Thursday, September 25, 2025

Cue the Sun! The Invention of Reality TV by Emily Nussbaum

    Reality TV doesn't get a lot of respect, which makes this book a really interesting take on it. Nussbaum treats reality TV like a true art form, and really elevates it in that way. She shows how the development of reality TV in the 90s and 2000s actually has deep roots. That aspect of the book, probably the most important in terms of a contribution to thinking, is also the least interesting to me. I picked the book up to read about Survivor, not Candid Camera. But it was a good inclusion (if a little long). 

    My read on reality TV is that is came about in the 90s from an amalgamation of three categories of unscripted television: game shows, clip shows, and documentaries. Game shows like The Newlyweds Game brought the competition element. Clip shows like America's Funniest Home Videos brought real-life to TV and also encouraged audience participation to get clips. And documentary-style shows ("dirty documentary" in Nussbaum's words) like An American Family or Cops just tried to capture something from real life. All of those genres of reality TV still exist on their own in the present day. But Survivor and Big Brother are probably the first shows to combine them all in one. The combination of all three elements creates reality TV and there is some amount that each one on their own can be reality TV. Something critical about the 90s, when reality TV could start to take off, is advances in editing. On The Real World, they shot tons and tons of hours of boring content. It was the editors who made the show interesting by using clever cuts and music to create a narrative. I'm not sure if the confessionals were a part of the real world, but that would also become a huge tool for the editors.

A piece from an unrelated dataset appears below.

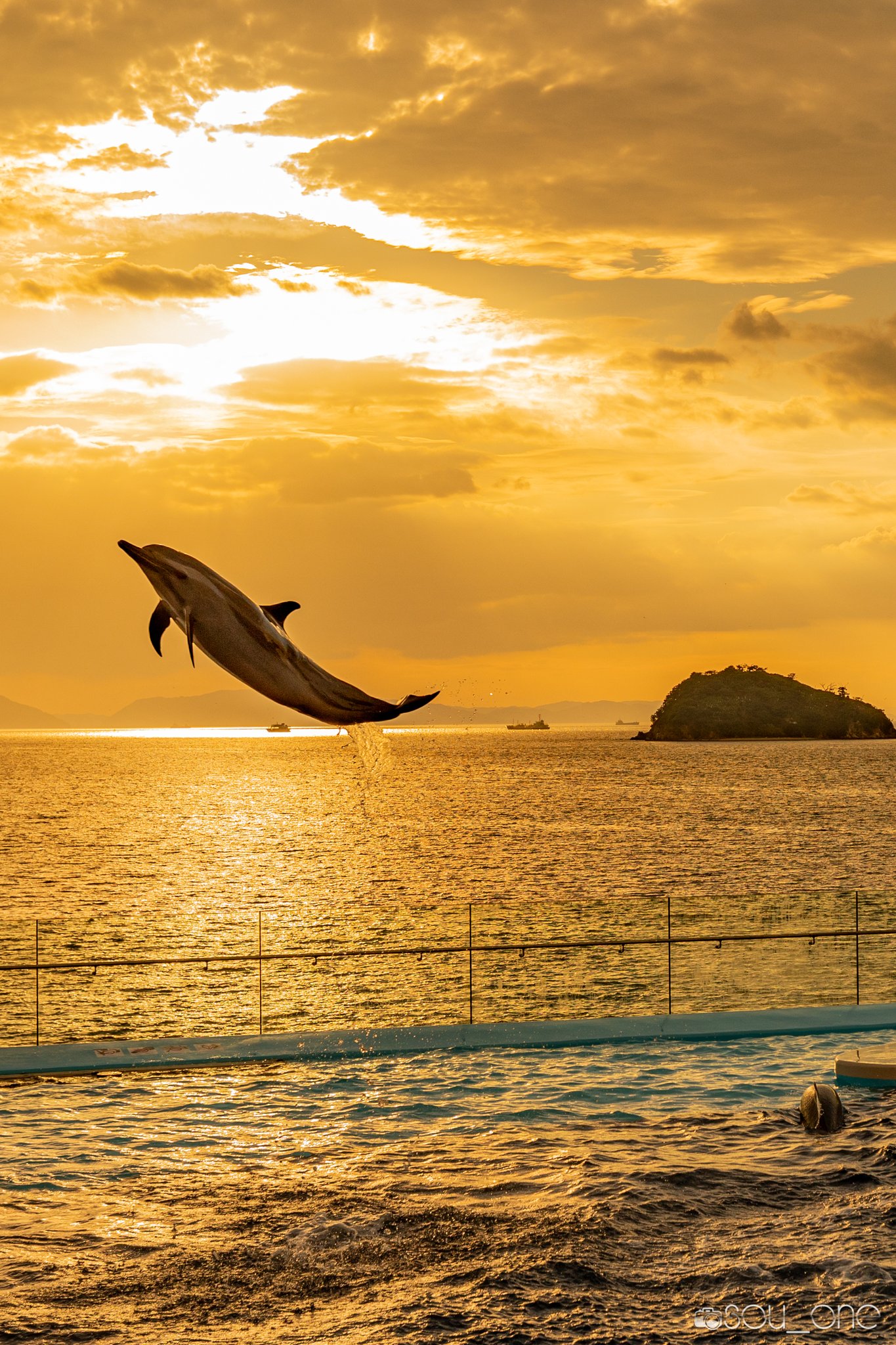 Sou One イルカジャンプ 香川県 四国水族館 水族館 イルカショー イルカ イルカジャンプ ジャンプ 空 海 瀬戸内海 東京カメラ部 Shikokucameraclub 瀬戸内サニー Pashadelic T Co Y8kieuhcnt Twitter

    The only reality TV show I have watched in any serious way is Survivor, so that was the most interesting part of the book to me. I learned a lot, like, for example, Jeff Probst, the host, was only hired in the last minute, after the rest of the crew. Apparently, Probst sent in a goofy audition video, had a bad interview, and ended up sending a "letter in a bottle" to Mark Burnett and Ghen Maynard, the producers, which was stuffed with fake newspaper articles praising him as the super-likeable host of the show. Jeff Probst ended up becoming the guiding visionary of the show over Mark Burnett, who turned to producing The Apprentice

    The final thing I think that is really interesting about reality TV is the new era that began within a couple seasons of shows like Survivor, The Amazing Race, Big Brother, etc. getting big. In the earlier years, a big part of the shows was that they were more "dirty documentary," filled with naive people who were showing you a more real snapshot of who they were. By 2025, that element of reality TV is almost completely gone. Today, reality TV is dominated by people who want to be on TV, who are fans of the shows they participate on. That completely changes the dynamic for viewers, and helps their popularity, since of the early concerns in reality TV was that the shows were mean-spirited, taking advantage of people, and publicizing their failings.


Miscellaneous Facts:

  • Richard Lewis was pranked as a teenager on candid camera, where he was one of many high school students given aptitude tests, and the results told them they should be bricklayers.
  • As I read, I recognized from the book I read on The Office that Randall Einhorn came from the reality TV world of Survivor to start directing scripted shows like The Office and It's Always Sunny in Philadelphia.
  • During the Iraq War, ABC reality shows about the military got better access in the Pentagon than ABC News got, and they lodged an official complaint.